Naoko Shibusawa, Brown University, author of America's Geisha Ally Hiroshi Kitamura offers an insightful consideration of the U.S. film industry's efforts in Japan. He is attentive to not only American cultural dealings with Japan but also Japan's engagement with and influence on the world's cinema.
Andrew Gordon, Harvard University, author of A Modern History of Japan Kitamura's thoroughly researched and immensely readable book mainly combines approaches of historical research and film studies. It is based on an admirable range of both US and Japanese source materials and consists of a concise methodological preface and eight thematically arranged chapters.... The fact that Screening Enlightenment undoubtedly will inspire such future studies that further examine the fascinating issues it raises, may very well be one of its most important merits.
Harald Salomon
Pacific Affairs
Kitamura's book is a new contribution to the field of cinema in occupied Japan in covering such diverse groups as the American film distributor, the Central Motion Picture Exchange (CMPE); Japanese exhibitors and movie theaters; 'cultural elites' including critics, journalists, and scholars; and moviegoers. Attention to all these groups allows readers to see the complicated dynamics in which Hollywood films become the icon of democracy and modernity in occupied Japan.... It can be highly recommended to all scholars and students of the US occupation of Japan, film history, and Japanese cultural and intellectual history.
Yuka Tsuchiya
Social Science Japan Journal
Kitamura shows that Hollywood and SCAP [the occupying authorities led by General Douglas MacArthur] were at loggerheads almost as often as they were in harmony.... SCAP censorship caused problems for American films as various as Frank Capra's political fable, Mr. Smith Goes to Washington, unseen in Japan during the Occupation due to its portrayal of corruption in US politics, to the Tyrone Power swashbuckler, The Mark of Zorro, which in an era when samurai films were practically banned, was criticized for its portrayal of swordplay as a 'fine and fashionable art of killing.'... His book sheds new light on a neglected aspect of Occupation history.
Alexander Jacoby
Times Literary Supplement
In addition to his significant contribution to diplomatic history and U.S. relations with Japan, Kitamura adds to our understanding of Japanese history in the critical period after the war.... What he details so carefully through his examination of the Central Motion Picture Exchange (CMPE) and the Eiga no tomo, among other organizations and entities, is how Japanese came to embrace the carefully scripted and edited manner in which American films were reintroduced to Japan during the occupation.
T. Christopher Jespersen
H-Diplo Roundtable Review
Hiroshi Kitamura has written an excellent overview of the role played by Hollywood films in shaping the cultural reconstruction of Japan during the American occupation.
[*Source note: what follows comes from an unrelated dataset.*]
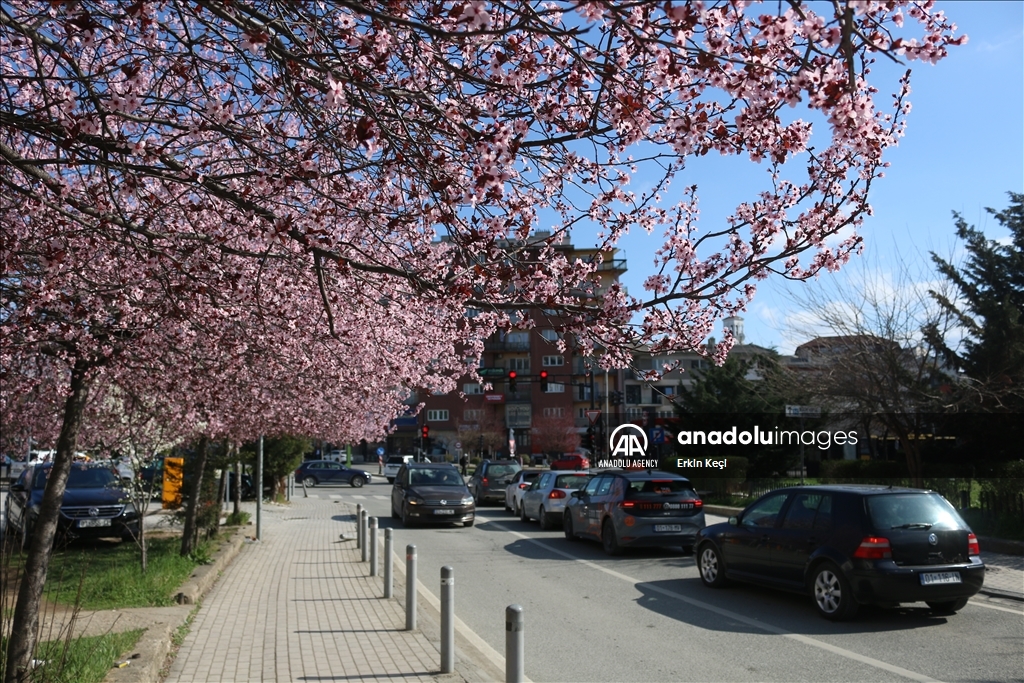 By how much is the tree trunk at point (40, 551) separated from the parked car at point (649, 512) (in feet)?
34.2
His book reflects wide reading in Japanese sources, the research of film scholars, and current scholarship of American occupation policy.... This fine book will be of value not only to diplomatic and military historians but also to persons interested in the American occupation of Germany, as so many parallels are implicit in it.
David Culbert
Journal of American History
American moviemakers had to tread carefully with the American military and governmental occupation authorities if they were to expect to be able to penetrate the newly opened market for their films in postwar Japan. In sum, filmmakers were secondary players in a game of very serious hardball. Kitamura provides vivid glimpses into what qualities in specific American movies appealed to Japanese critics and audiences. He describes how, as the Japanese spirit revived, lively movie discussion groups sprang up in Japan. Recommended.